British military pilot

Peter Harris is a British aircraft pilot and former two star senior officer of the Royal Air Force (RAF) with extensive flying and command experience.

==Early years==
Harris recalls his first flying experience as the flight from England to Kenya in a C-4 Argonaut when his family moved there when he was 7 years old. When aged 12, he did two trial flights in a Cessna 150 and became hooked on flying.

==RAF career==
Harris joined the RAF as an officer having successfully demonstrated his potential as a pilot at RAF Biggin Hill, and while completing school was sponsored for initial flying training and at 17 years of age obtained a Private pilot license. After school, at RAF Cranwell, he flew the Chipmunk and Jet Provost and gained the RAF wings.

Harris was streamed into 'fast jet' and was trained for the Hawker Siddeley Harrier.
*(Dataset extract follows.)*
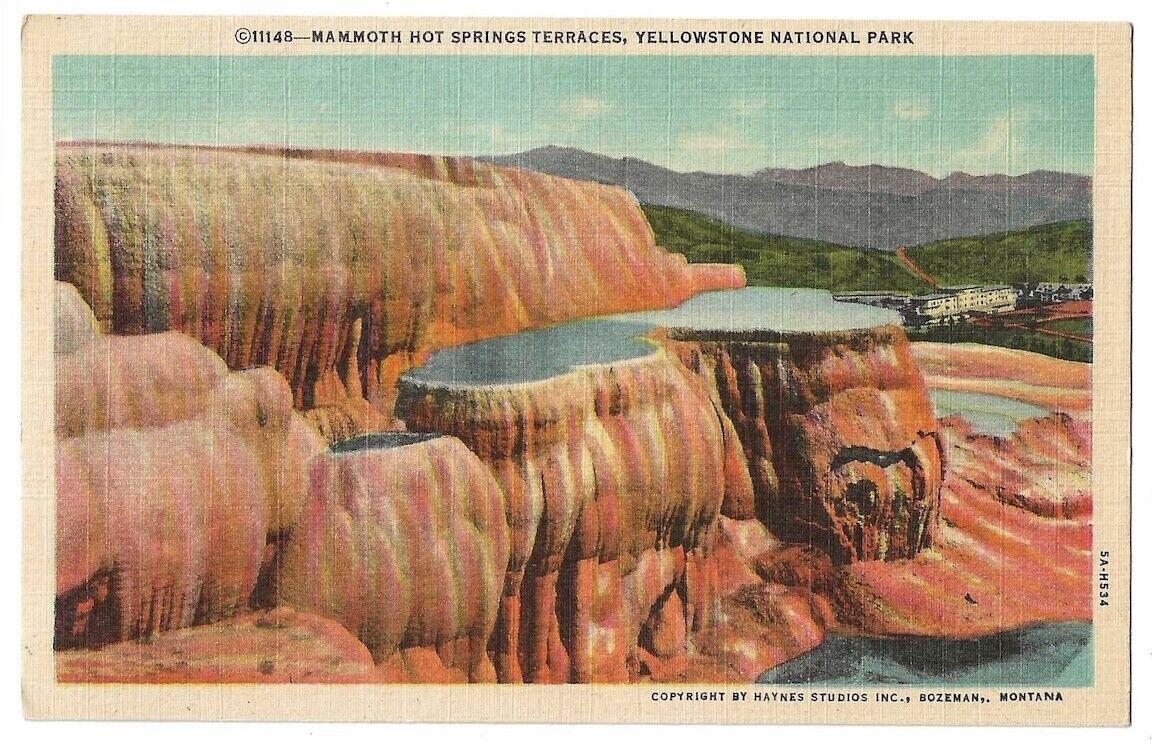 Yellowstone National Park, Wyoming c1930\'s Mammoth Hot Springs Terraces, Haynes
Over his career he flew around 2500 hours in this type.

He then flew the SEPECAT Jaguar before returning to the Harrier GR.3.

===Falklands War===
Harris was among the pilots who flew the Harrier GR.3s from Britain to Ascension Island then onto MV Atlantic Conveyor for the journey to the Falklands War at the Falkland Islands, then onto HMS Hermes from which the RAF contingent operated.

===Exchange service===
Harris was selected for an exchange with the US Navy and US Air Force during which his expertise with the Harrier assisted the US Marines specification of the AV-8B while part of the Aircraft Systems Advisory Panel (ASAP) while working closely with McDonnell Douglas.

During this period, MD invited Harris to fly the experimental YAV-8B at Whiteman Air Force Base.

Harris converted to the Douglas A-4 Skyhawk (A-4M variant) and LTV A-7 Corsair II (A-7E variant). He eventually qualified to conduct carrier landings and did 6 in an A-4 and 10 in an A-7 plus associated catapult launches.

Harris was able to convert into the General Dynamics F-16 Fighting Falcon.

===RAF===
On return to the UK, Harris served as Commanding Officer of 4 Squadron RAF.

On promotion, he was Station Commander of RAF Laarbruch in western Germany and there flew the Tornado F3.

After selection to Air Commodore (One Star) rank, Harris commanded the British forces in Operation Bolton, the RAF component of Operation Southern Watch against Iraq.

He also participated in planning for the NATO operations of the Kosovo war, while based in Sarajevo.

On promotion to Air Vice Marshall (Two Star), he commanded No. 1 Group RAF. Then, he headed the Permanent Joint Headquarters (PJHQ), the British tri-service headquarters from where all overseas military operations are planned and controlled.

When offered promotion to Air Marshall (Three Star), the two appointments offered were not to his liking and Harris retired from the RAF.

==Interests==
Harris retains an interest in flying. When asked for the aircraft types he would have liked to have flown, he listed the SR-71 and the Space Shuttle.

==Memorable flights==
In 1976, Harris was the pilot of the Pink Harrier T (2-seat) from Dijon Air Base to RAF Wittering. The brief exchange was with a French Air Force wing at Dijon, which had a symbol of a Stork commemorating the WW1 ace Georges Guynemer. A stork was adorned with a Harrier symbol, and the French squadron reciprocated and painted an RAF aircraft in pink paint.